This week I am honoring a well known performer in the Boston area, Zhi Zhou, the Erhu player. Check out this blog from Tramminhdao for some background info. I captured a piece of his performance and imported it in Lumit so I could explore his musical themes and let them inspire this uplifting dance track.
~ Inspired Song, Mastered by Mica Jaric
~ Raw Audio
Making composition material
I made 7 unique “phrases” out of the raw recording. This process is sort of like those puzzles where you see how many words you can make out of one long word. Listen for the little licks that speak to you and cut them out – give them their own track.
Choosing a tempo
Once I cropped out the phrases I was going to use, I found one that sounded like a pick up to the start of a bar. I tapped along to the sample to determine the tempo it fit to in my mind – 127 BPM. Do not change the tempo in the session where you are making your samples. Start a new project, change the tempo, then import them – so they don’t get warped.
~ The snippet that started it all
Conforming the material to my musical clock
The snapping stretch points proved to be a very efficient method for this. In my head, I broke some of the phrases into smaller segments and thought about the closest rhythm that agreed with my tempo and meter. Here is the basic process I used to conform my samples to my BPM.
- Snap the start of your sample to the start of a bar.
- Loop it and listen to it against the click.
- Imagine a similar rhythm that could work (imagine what will work in your song).
- Segment the sample into manageable “cells” using stretch points in the editor with the draw tool.
- Snap the cells to subdivisions of the grid to make your rhythm.
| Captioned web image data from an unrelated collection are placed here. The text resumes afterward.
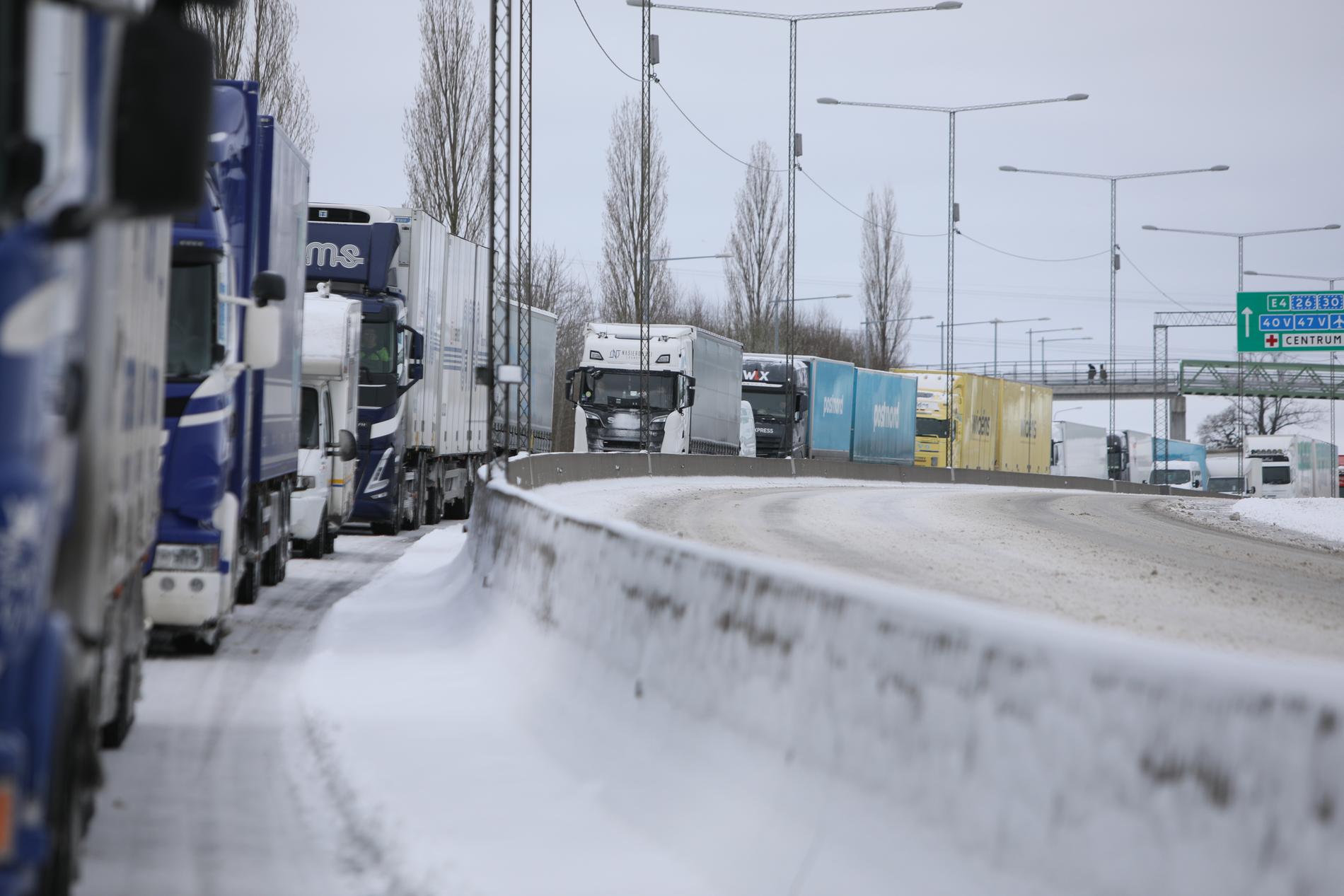 Köer av bilar och lastbilar på E4 norrgående utanför Jönköping.
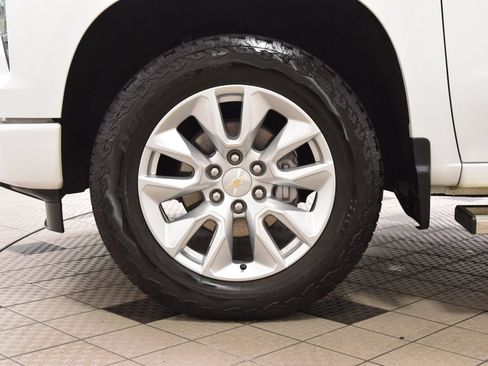 Used 2024 Chevrolet Silverado 1500 Custom AWD/4WD image 28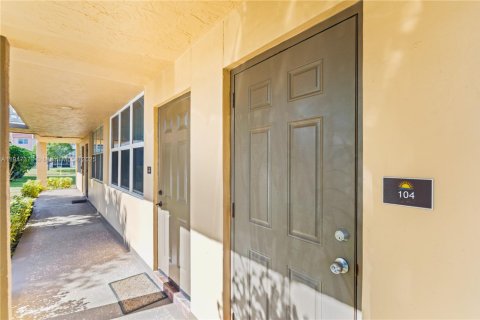 Condo in Sunrise, Florida, 1 bedroom  № 1973383 - photo 2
This may take some background knowledge on composition.
- Cut, stretch, shorten, and crossfade the “cells” as desired.
~ Melodic phrases against a click
Be sure to listen very carefully to the tone of your samples against the key of the song. When you sample a live instrument, there is a good chance its intonation will not be great or that the tonal center of the performance will be “between keys”. The tonic of my samples sat between G and G# so I ended up shifting most of my samples down by 10 cents and choosing G minor as the key. I would suggest taking a day to step back from it all and listen again later. For me, breaks like these often reveal tonality issues. If you’re not sure, try using a free tuning plugin from this list by Bedroom Producers Blog.
I used iZotope Iris 2 to resample a static note of the instrument across the keyboard to play the melody you hear in the “B” section. I used Lumit’s EQ unit to drop the low shelf down by about 15 dB and added a generous amount of reverb from Valhalla Room.